On a macroscopic scale the friction, shear and flow of (confined) fluids is usually reasonably well described with a non-slip condition or with an effective slip length. However, on a molecular scale the details of the flow (diffusion, motion) of molecules at interfaces are still poorly known. We present real-time investigations of the interfacial molecular flow as it occurs in the course of the solidification processes within thin films of long chain alkanes at SiO2/air interfaces. Upon solidification the alkanes form solid monolayer domains with a uniform height (e.g. 4.3nm for C30H62). This height can be thicker or thinner than the liquid film thickness (which is given by the sample preparation(1)). As a consequence the domain formation is accompanied by a lateral alkane transport towards or away from the domain solidification front. This alkane flow/diffusion is imaged in real-space and real-time with a newly developed interference-enhanced optical microscopy technique with a thickness resolution of about 0.5 nanometer (2). We study the thickness profiles in the liquid alkane film ahead of the solidification front for various different overall alkane coverages.

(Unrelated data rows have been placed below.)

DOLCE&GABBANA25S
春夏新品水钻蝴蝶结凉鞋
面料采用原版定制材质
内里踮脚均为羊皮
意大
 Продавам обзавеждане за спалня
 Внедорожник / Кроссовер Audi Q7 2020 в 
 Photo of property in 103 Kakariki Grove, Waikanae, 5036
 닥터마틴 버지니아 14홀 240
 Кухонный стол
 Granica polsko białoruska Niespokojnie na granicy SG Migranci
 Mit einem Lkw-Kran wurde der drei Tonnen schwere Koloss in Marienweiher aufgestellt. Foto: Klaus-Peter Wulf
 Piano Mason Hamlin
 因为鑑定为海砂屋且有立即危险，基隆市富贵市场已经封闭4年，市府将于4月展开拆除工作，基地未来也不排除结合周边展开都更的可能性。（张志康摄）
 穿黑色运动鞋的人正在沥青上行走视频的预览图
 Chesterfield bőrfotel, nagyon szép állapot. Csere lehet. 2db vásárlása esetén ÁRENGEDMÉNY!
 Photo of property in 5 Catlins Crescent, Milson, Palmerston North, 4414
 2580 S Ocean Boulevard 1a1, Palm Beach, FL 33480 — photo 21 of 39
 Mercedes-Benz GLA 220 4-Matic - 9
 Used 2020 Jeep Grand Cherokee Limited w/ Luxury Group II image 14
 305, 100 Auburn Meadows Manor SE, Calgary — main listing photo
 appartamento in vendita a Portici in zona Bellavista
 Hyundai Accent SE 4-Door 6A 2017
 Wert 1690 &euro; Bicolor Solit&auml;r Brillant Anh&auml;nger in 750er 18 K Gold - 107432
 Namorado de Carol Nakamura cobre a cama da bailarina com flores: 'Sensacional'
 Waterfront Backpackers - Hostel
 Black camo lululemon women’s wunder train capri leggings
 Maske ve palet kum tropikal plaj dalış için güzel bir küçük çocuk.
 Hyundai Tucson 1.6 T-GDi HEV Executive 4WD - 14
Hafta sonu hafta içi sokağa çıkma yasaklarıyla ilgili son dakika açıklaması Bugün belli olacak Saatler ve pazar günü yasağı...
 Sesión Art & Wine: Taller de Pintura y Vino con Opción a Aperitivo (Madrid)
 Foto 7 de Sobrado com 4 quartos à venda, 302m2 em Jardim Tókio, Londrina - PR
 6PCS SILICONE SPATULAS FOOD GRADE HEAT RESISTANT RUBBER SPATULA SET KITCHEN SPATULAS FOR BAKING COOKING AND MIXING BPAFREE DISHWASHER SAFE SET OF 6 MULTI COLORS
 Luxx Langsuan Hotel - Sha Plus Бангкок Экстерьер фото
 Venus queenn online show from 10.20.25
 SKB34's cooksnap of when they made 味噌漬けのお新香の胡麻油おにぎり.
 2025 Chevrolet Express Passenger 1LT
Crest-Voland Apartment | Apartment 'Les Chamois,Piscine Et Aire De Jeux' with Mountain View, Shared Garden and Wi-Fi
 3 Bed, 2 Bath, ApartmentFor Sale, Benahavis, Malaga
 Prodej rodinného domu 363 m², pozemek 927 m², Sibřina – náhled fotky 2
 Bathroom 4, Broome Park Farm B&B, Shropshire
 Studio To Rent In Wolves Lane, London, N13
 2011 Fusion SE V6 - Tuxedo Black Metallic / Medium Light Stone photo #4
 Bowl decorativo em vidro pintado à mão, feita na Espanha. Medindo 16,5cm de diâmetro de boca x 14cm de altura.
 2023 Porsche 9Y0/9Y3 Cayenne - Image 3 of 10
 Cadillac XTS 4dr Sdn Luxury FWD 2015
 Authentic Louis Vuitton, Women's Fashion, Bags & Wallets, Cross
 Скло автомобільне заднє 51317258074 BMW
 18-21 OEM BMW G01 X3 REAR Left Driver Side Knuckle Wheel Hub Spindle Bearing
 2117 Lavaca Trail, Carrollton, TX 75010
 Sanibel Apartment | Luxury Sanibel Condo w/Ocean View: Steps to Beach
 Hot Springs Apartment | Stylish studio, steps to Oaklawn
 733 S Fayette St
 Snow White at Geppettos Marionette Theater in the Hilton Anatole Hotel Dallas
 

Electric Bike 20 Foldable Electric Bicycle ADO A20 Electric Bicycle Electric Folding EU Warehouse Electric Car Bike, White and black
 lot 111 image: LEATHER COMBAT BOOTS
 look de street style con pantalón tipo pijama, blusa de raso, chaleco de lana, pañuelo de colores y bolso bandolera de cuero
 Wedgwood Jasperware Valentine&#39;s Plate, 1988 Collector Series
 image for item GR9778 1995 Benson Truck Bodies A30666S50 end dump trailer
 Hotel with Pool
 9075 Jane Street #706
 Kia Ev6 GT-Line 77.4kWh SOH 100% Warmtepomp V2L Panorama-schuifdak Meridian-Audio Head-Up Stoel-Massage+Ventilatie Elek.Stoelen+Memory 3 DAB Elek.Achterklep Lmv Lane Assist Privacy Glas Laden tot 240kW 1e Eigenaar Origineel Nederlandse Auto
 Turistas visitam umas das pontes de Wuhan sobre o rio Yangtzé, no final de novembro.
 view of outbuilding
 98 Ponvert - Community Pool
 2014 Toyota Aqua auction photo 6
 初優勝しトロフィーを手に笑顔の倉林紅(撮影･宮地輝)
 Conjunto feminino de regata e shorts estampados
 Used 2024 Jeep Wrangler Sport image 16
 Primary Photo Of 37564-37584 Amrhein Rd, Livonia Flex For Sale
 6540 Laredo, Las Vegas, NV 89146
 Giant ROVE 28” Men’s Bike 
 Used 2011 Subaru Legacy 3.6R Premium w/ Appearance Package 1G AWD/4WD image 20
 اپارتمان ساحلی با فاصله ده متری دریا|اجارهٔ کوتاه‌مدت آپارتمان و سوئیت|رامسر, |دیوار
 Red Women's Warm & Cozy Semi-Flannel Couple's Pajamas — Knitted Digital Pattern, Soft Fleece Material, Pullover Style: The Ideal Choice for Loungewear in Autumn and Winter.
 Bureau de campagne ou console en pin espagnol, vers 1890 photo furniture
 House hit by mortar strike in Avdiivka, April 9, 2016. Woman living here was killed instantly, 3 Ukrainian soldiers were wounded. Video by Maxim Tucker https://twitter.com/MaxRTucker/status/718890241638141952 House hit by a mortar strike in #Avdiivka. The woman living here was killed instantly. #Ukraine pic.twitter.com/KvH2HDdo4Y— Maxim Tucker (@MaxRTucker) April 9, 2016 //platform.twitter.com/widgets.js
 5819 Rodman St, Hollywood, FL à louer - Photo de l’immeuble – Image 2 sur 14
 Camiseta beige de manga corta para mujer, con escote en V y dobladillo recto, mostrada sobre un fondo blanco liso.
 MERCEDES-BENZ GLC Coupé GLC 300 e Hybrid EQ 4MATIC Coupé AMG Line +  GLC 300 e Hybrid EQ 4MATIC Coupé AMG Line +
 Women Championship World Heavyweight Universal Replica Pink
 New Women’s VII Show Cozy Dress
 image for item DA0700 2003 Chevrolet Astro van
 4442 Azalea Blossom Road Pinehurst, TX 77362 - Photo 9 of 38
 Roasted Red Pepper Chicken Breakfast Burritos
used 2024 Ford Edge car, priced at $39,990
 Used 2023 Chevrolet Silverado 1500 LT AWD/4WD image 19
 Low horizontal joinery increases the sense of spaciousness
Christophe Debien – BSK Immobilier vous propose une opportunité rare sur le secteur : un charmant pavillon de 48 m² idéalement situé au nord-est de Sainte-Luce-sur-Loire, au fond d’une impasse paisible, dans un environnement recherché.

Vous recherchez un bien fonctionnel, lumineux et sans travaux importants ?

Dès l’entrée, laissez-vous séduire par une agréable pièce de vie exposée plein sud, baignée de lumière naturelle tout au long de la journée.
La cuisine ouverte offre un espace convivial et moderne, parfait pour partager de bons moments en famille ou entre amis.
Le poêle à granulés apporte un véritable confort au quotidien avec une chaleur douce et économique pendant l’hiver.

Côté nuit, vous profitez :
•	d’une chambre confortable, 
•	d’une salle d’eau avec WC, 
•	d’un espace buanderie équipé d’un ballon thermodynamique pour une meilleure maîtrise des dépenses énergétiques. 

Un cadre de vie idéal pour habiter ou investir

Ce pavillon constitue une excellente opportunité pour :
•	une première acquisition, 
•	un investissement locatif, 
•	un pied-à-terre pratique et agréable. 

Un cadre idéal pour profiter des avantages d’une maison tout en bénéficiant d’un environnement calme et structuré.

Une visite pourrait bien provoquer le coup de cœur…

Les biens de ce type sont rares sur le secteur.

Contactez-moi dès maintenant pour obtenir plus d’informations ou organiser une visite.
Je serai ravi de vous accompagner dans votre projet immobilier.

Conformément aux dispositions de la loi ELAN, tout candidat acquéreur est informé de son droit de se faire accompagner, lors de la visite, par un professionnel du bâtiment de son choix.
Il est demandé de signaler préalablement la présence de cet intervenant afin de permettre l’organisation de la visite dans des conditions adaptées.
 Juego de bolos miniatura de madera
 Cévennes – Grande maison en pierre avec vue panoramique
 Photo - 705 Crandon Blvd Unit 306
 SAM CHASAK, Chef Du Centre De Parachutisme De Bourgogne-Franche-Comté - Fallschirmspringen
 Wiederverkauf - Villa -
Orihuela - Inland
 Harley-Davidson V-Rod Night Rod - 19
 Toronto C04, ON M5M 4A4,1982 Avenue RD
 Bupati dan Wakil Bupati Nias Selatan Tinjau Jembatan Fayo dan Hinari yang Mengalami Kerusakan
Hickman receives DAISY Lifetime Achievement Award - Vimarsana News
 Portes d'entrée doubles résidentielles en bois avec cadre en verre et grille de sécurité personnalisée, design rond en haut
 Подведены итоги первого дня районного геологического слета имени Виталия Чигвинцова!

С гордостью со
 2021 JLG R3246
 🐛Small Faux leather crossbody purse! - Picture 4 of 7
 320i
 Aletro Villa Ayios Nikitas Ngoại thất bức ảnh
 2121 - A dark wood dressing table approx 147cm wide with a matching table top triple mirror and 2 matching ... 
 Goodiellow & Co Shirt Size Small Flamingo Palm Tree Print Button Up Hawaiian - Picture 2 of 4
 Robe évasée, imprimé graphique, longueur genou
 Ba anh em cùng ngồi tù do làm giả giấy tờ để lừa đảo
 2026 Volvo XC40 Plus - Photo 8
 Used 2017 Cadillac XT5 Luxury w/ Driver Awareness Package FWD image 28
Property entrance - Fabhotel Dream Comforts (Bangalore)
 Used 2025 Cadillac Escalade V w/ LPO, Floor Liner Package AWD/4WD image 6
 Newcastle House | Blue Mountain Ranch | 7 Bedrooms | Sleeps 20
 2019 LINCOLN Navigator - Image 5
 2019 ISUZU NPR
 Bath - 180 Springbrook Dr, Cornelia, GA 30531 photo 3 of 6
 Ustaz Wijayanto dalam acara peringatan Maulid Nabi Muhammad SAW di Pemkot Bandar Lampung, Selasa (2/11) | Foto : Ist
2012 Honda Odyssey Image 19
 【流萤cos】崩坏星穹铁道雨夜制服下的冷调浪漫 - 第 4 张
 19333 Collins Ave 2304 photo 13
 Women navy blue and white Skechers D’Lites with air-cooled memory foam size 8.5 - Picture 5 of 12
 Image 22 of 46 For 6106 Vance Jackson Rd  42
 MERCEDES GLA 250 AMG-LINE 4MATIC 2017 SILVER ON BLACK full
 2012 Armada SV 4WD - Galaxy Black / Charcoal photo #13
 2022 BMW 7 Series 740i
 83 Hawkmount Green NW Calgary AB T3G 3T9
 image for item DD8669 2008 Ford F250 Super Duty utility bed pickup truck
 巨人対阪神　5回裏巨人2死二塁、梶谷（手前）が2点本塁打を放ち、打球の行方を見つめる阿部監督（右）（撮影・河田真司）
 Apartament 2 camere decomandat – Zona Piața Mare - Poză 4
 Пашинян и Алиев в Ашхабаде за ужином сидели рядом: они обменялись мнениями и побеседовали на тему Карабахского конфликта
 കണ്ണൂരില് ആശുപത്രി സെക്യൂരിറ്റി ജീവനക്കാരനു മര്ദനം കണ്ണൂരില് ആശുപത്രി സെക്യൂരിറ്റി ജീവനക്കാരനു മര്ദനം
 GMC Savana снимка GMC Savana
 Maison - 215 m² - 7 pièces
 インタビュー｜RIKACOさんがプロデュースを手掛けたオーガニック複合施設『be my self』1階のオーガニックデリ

The observed (pronounced) "depletion" zones reveal details on the lateral alkane transport for local coverages varying between less than 0.5 nm (this corresponds to less than a complete monolayer of alkanes lying completely flat at the interface!) up to approximately bulk-like films (substantially thicker than one coiled molecule).  There are indications that the flow (lateral transport) within the submonolayer film is faster than in thicker films.

(1) H. Riegler and R. Koehler, Nature Physics 754 (2007)

(2) R. Koehler, P. Lazar, and H. Riegler, Applied Physics Lett. 89, 241906 (2006)

Domain growth at non-equilibrium after rapidly cooling an all liquid, 1.6nm thick film. The depletion zone in front of the solid domains is due to the alkane flow towards the solid domains (darker = thinner film). The image area is 0.7mm x 0.3mm. The gray-scale analysis is taken from the selected area indicated by the white frame.